— Information provided —
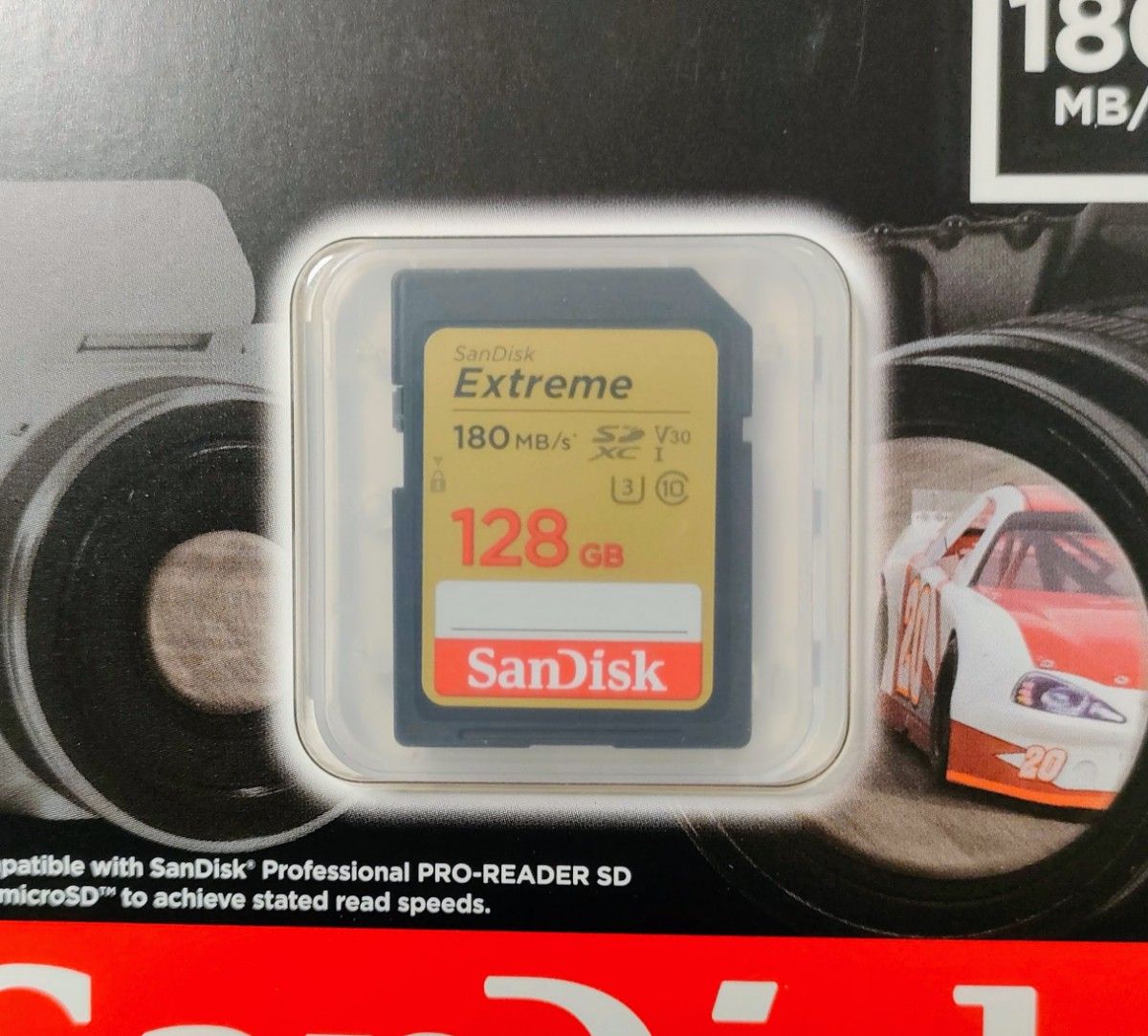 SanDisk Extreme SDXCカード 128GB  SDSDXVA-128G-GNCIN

--

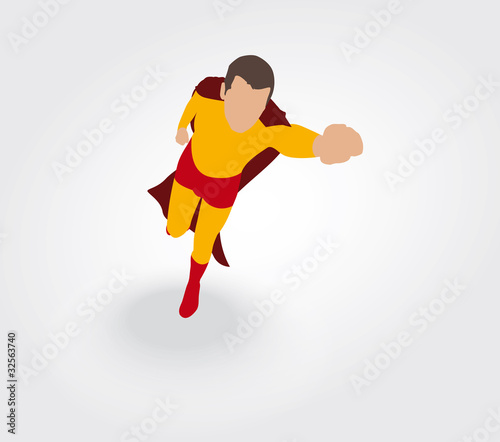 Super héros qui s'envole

* * *

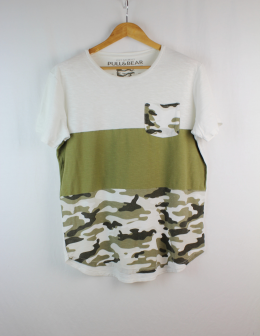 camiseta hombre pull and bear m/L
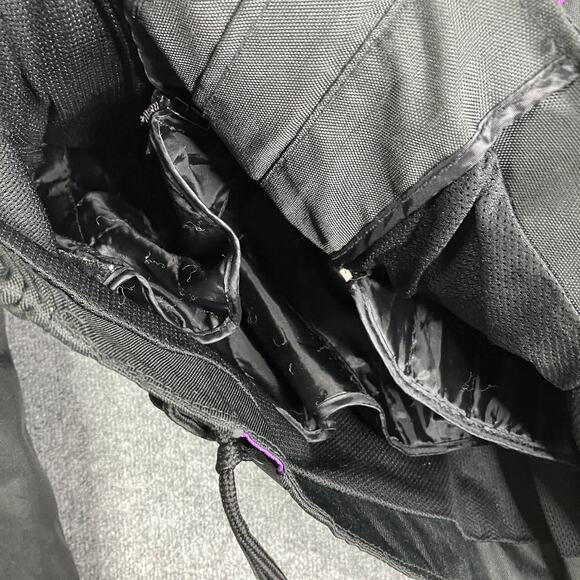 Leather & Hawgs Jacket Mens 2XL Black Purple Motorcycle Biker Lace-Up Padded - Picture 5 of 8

— Assigned task —
Return exactly the stretch above whose first line contains "camiseta hombre pull and bear m/L" and whose last line contains "Leather & Hawgs", and nothing outside it. The pictures should not appear.

— Result for this exercise —
 camiseta hombre pull and bear m/L
 Leather & Hawgs Jacket Mens 2XL Black Purple Motorcycle Biker Lace-Up Padded - Picture 5 of 8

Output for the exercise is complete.